Visit the answer Order of XML attributes after DOM processing.
I have an 200 MB xml of the following form:
<school name = "some school">
<class standard = "2A">
<student>
.....
</student>
<student>
.....
</student>
<student>
.....
</student>
</class>
</school>
I need to split this xml into several files using StAX such that n students come under each xml file and the structure is preserved as <school> then <class> and <students> under them. The attributes of School and class also must be preserved in the resultant xmls.

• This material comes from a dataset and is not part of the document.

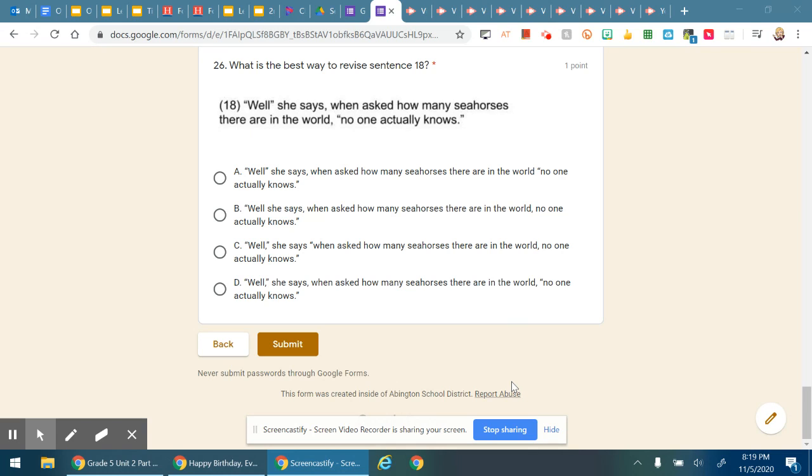Instead of reading all of these options to you, because they will all sound the same, I'm going to explain that this is a question having to do with quotation marks and comma usage. Please pay attention to where the quotation marks are.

Here is the code I am using:
XMLInputFactory inputFactory = XMLInputFactory.newInstance();
String xmlFile = "input.XML";
XMLEventReader reader = inputFactory.createXMLEventReader(new FileReader(xmlFile));
XMLOutputFactory outputFactory = XMLOutputFactory.newInstance();
outputFactory.setProperty("javax.xml.stream.isRepairingNamespaces", Boolean.TRUE);
XMLEventWriter writer = null;
int count = 0;
QName name = new QName(null, "student");
try {
while (true) {
XMLEvent event = reader.nextEvent();
if (event.isStartElement()) {
StartElement element = event.asStartElement();
if (element.getName().equals(name)) {
String filename = "input"+ count + ".xml";
writer = outputFactory.createXMLEventWriter(new FileWriter(filename));
writeToFile(reader, event, writer);
writer.close();
count++;
}
}
if (event.isEndDocument())
break;
}
} catch (XMLStreamException e) {
throw e;
} catch (IOException e) {
e.printStackTrace();
} finally {
reader.close();
}
private static void writeToFile(XMLEventReader reader, XMLEvent startEvent, XMLEventWriter writer) throws XMLStreamException, IOException {
StartElement element = startEvent.asStartElement();
QName name = element.getName();
int stack = 1;
writer.add(element);
while (true) {
XMLEvent event = reader.nextEvent();
if (event.isStartElement() && event.asStartElement().getName().equals(name))
stack++;
if (event.isEndElement()) {
EndElement end = event.asEndElement();
if (end.getName().equals(name)) {
stack--;
if (stack == 0) {
writer.add(event);
break;
}
}
}
writer.add(event);
}
}
Please check the function call writeToFile(reader, event, writer) in the try block. Here the reader object has only the student tag. I need the reader has the school, class, and then n students in it. so that the file generated has a similar structure as the original only with lesser children per file.
Thanks in advance.
I think you can keep track of list of parent events prior to the "student" start element event and pass it to the writeToFile() method. Then in the writeToFile() method you can use that list to simulate the "school" and "class" events.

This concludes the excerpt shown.